When you call something as silly and mundane as a sneaker show, "art" - what does that mean for something like Michelangelo's creations? It robs those creations of their grandeur, their transformative power, the ability to amaze their viewer. I don't care what anyone else says, art, as it was intended and inspired by the Divine, the Creator Himself; was meant to elevate our souls.

It is this effort to minimize the true purpose of art that is seen within the attempt to minimize the true impact of good vs. evil in the world. Once the lies start to take hold, truth dies. The students in classrooms today are being taught that it is wrong to discern differences, to make judgements between right and wrong because after all, "what's right for me may not be right for you." Enough of this hogwash. It is time to stand up to these mealy-mouthed, brainless wimps and proclaim loudly the truth: That there is such a thing as moral absolutism and there is such a thing as evil. There is such a thing as God and He punishes evil. If they don't like it, too bad. We can't continue to allow them to destroy our children because they can't face the truth.

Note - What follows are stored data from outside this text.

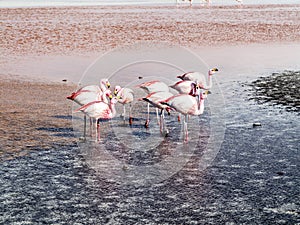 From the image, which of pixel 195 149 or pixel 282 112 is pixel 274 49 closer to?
pixel 282 112

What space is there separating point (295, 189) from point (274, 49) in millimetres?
19555

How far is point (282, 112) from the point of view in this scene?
1204 cm

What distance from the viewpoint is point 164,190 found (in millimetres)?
7375

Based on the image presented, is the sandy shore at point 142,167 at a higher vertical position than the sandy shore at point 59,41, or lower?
lower

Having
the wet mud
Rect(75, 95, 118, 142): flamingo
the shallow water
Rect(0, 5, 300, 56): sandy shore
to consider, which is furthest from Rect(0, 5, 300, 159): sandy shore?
the wet mud

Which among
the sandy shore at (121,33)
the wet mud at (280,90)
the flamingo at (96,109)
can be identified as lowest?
the wet mud at (280,90)

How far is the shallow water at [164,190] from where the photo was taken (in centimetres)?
647

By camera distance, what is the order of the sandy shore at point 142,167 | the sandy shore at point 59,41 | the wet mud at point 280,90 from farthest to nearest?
1. the wet mud at point 280,90
2. the sandy shore at point 59,41
3. the sandy shore at point 142,167

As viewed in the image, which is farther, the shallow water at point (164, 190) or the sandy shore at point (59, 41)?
the sandy shore at point (59, 41)

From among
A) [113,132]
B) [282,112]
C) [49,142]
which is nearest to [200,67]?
[282,112]

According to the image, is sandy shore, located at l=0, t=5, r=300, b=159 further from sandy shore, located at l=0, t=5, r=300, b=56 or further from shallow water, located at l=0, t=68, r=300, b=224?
shallow water, located at l=0, t=68, r=300, b=224

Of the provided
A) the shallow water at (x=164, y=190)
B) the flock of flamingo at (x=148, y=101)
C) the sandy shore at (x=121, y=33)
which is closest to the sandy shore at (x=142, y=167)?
the shallow water at (x=164, y=190)

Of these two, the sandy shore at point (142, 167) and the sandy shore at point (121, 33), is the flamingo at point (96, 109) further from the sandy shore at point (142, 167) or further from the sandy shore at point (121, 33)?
the sandy shore at point (121, 33)

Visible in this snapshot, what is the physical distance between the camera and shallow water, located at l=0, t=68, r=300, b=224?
6.47 meters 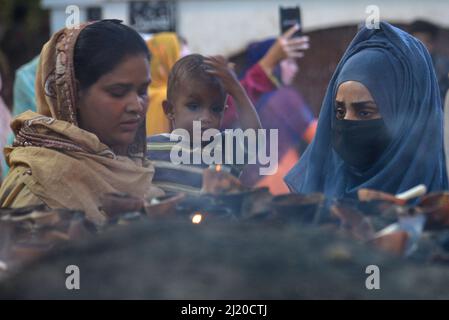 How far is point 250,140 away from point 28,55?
771cm

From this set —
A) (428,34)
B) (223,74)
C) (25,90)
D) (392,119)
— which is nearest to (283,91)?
(25,90)

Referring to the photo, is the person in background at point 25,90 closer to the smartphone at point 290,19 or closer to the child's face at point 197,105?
the smartphone at point 290,19

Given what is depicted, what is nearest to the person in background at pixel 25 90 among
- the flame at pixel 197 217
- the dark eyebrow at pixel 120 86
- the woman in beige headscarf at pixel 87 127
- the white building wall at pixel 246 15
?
the white building wall at pixel 246 15

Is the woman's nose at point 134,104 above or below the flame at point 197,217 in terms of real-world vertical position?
above

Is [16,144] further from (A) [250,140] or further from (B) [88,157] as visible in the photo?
(A) [250,140]

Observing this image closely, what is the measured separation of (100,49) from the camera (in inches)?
98.7

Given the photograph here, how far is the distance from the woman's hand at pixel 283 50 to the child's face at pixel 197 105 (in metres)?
1.80

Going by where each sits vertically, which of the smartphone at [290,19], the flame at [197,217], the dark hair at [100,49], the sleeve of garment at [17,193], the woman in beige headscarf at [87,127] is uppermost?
the smartphone at [290,19]

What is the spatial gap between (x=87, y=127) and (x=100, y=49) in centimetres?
20

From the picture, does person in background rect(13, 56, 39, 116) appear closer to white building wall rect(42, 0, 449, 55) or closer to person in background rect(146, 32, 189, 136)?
white building wall rect(42, 0, 449, 55)

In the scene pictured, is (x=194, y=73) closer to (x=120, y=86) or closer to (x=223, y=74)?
(x=223, y=74)

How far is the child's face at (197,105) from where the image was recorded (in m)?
2.71

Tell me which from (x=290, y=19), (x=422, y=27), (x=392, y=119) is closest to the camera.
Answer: (x=392, y=119) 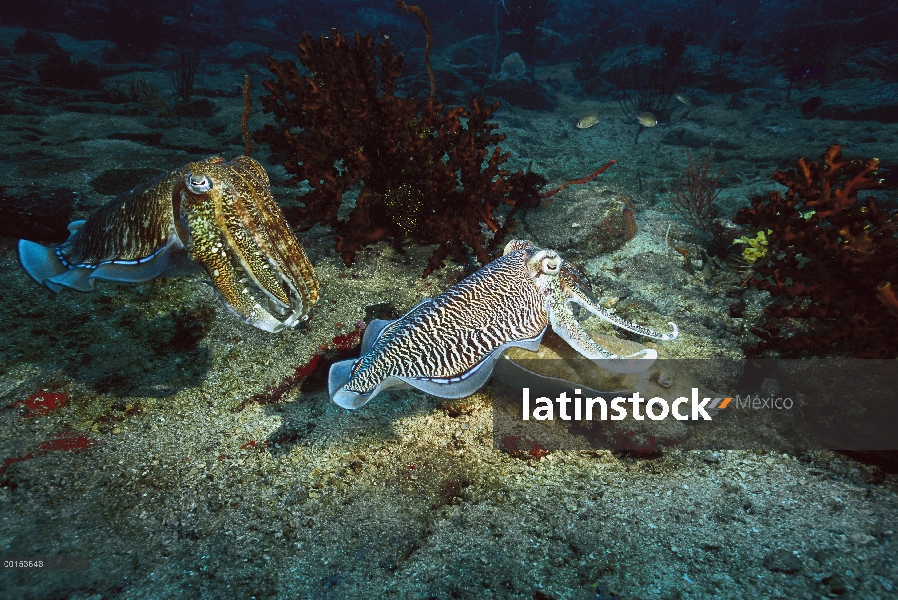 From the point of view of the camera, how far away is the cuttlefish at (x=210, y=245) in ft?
8.34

This truth should be taught in our Catholic schools and universities. Sadly, it looks like it is not. I remembered noticing moral relativism creeping into my own all-girls Catholic high school in the late seventies. We were taught about contraception in biology class. The teacher carefully said, "I am not teaching you whether you should use this or not. I am only teaching you that it exists." So I learned of the diaphragm, the sponge, and the Pill; all the while thinking, I wonder if this is right? Where was the religious teacher at the time, telling us why sexual relations should be contained within a sacramental marriage, and why it was important to obey and trust God?

So teachers didn't want to teach what was right. Meanwhile, as I sat at my desk, something in me snapped. Somehow I knew instinctively there was such a thing as right and wrong and I needed adults to step up to the plate and tell me. Thank God I had strong parents and a pretty wise extended-family that communicated these principles to me. I shudder to think of what would have happened to me if I had not had this firm foundation. As much pain as I've had in my life, it is miniscule to the amount I suspect I would have had without wise and loving parents. The beauty of God is that He reaches down and shows everyone the truth if they seek it. He has saved the most wretched of us from certain damnation because He loves us so much.

Meanwhile, we have to watch out for our youth. We cannot assume they are learning the truth within their schools -- whether that is a Catholic school or public school. Because if they're not learning the truth, they are simply being led into bondage.

1 comment:

kkollwitz said...

Fr Schall's title likely refers to a quote by Richard Niebuhr, which critiques a naive view of human goodness:

"A God without wrath brought men without sin into a Kingdom without judgment through the ministrations of a Christ without a Cross."